I hear the shower running now, and I almost knock and ask if I can join
her. Bad Sam, I really shouldn't think about things like that. No matter
what happens, I know she doesn't want to be in this city, and I do.
Padding barefoot through the apartment, I start a pot of coffee. It's
been six hours since I've had coffee and I think I'm in withdrawal. The
smell fills the kitchen almost as soon as the coffee beans hit the water.
Withdrawal. Definitely.

"Sam?" I nearly drop the mug in my hand. Spinning quickly, I see her
standing there. Her still wet hair has been pined up, forming a thick
chocolate colored crown around the back of her head, and her face looks
freshly scrubbed. She's beautiful, but that's not what makes my heart
thud in my chest. She's standing there, legs bare, wearing the dress
shirt I had left on the back of the bathroom door.

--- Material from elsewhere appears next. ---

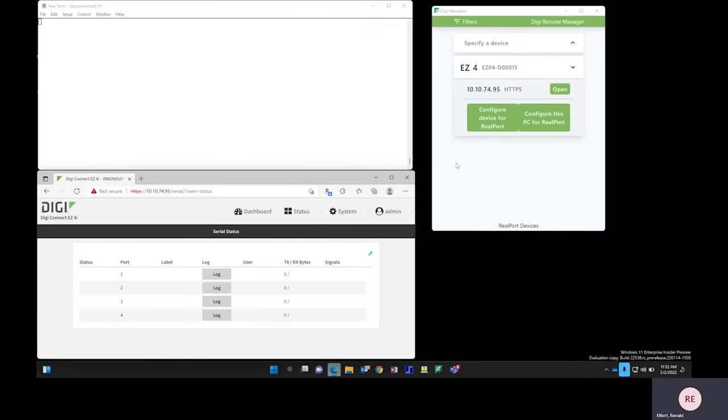We're going to accomplish this utilizing DigiNavigator, the essential tool for configuring the ConnectEZ product family.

Thud.

My mouth is dry, and I gulp the coffee in one swallow. "Lisa, you
look...... My, you haven't changed, well, uh, you have, and I....." I
drowning here. I have got to think of something else. What would Josh say
if he could see this? Oh, Josh. Right. Lisa must see the look that
crosses my face, because she steps around the counter and brushes her
hand against my cheek. I catch her wrist and kiss her open palm. Then all
thoughts of Josh vanish, because her arms are wrapped around my waist,
and her lips are touching mine. The friendly kiss we shared in the
hospital is nothing like this one. I think my skin is on fire, and I
certain there are fireworks exploding in the background. Gods Lisa, do
you know how much I've missed you? I mumble something incoherent and she
understands because she untangles our bodies and takes me by the hand.

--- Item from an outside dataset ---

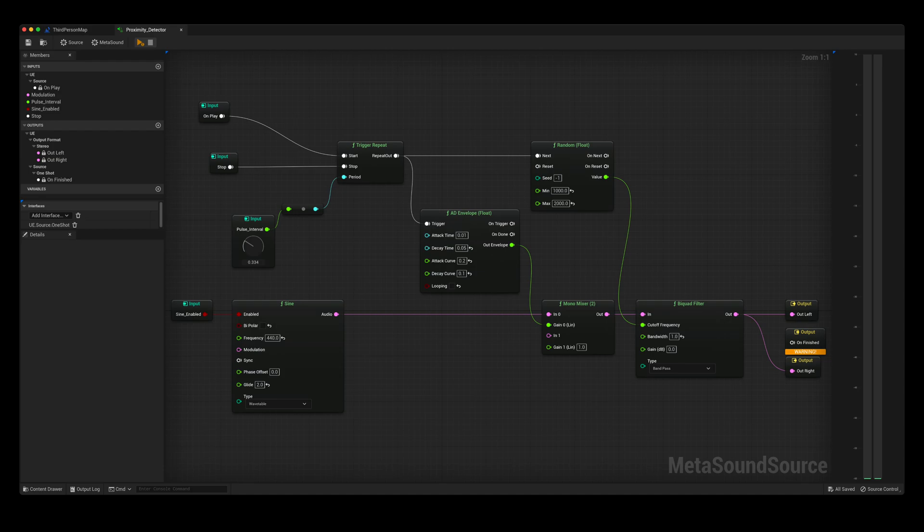As the distance between the two decreases, the pulse interval will get quicker. As the distance between the two increases, the pulse interval will get slower. I also have this system controlled by a keyboard event, allowing this ability to be toggled on or off. I will now demonstrate what this looks like.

Did my bedroom have to be on the other side of the apartment? I never
thought my apartment was so large until tonight. She leads me into my
bedroom, and I remember why I loved this woman, why I still do. I close
the door and lean up against it, hoping to barricade us from the outside
world.

I run my hands down her arms and intertwine my fingers with hers. I feel
the sliver of cold metal and I freeze. Gathering her left hand in mine, I
raise it to my face and wonder how I could have missed it. The ring,
complete with the pretty diamond tells me exactly what kind of future I
have left with her, and she follows my eyes mournfully. "Warren, his name
is Warren. He's an associate at the firm and.... and he hates this life
you live." When I look in her eyes, I see tears there. Tears I put there.
Damn.

She closes her eyes, shutting me out for a moment, and then she frees her
hand from mine and slips the ring from her hand. It hits the carpet
silently, and she meets my eyes. Confidant, she kisses me again, and I
don't know what this is about, old times, love, or just forgetting
everything, everything but this room, but I'm only too eager to give
myself over to her.

I reach for the small buttons on my dress shirt and two button later it
slides down to cling just over one shoulder. That shirt never looked as
good on me as it did on her. The phone. This is just not my day. She
steps back gracefully and I dive for my jacket digging my cell phone out
of the inner pocket. "Sam Seaborn." Why does CJ think she needs to check
up on me? I'm a big boy, I can tuck myself in bed just fine. Okay, so
maybe that's not true, and maybe the fact that yesterday I was shot at
and right now my best friend is at the hospital, but dammit, I don't want
to think about that right now, and she's not helping. Lisa smiles, and
slips beneath the covers of my bed. Just stop talking, CJ. I have other
things I'd like to do right now.

When I finally extricate myself from CJ's never ending phone call, Lisa's
fallen asleep. I'm not about to wake her up. She said she'd been in
California this morning, and that, coupled with the stress of the last 18
hours has to have drained her, because I know I'm dead on my feet right
now. My mind's racing, but my body's giving up the fight. Flipping off
the light switch, I crawl under the covers with her, and try not to feel
shocked when she sleepily wraps an arm around my waist and nestles her
head against my shoulder. The last time I slept like this with someone
was with her, before the campaign, and I'm not about to ruin it. Shifting
slowly, I settle into bed, and try to sleep.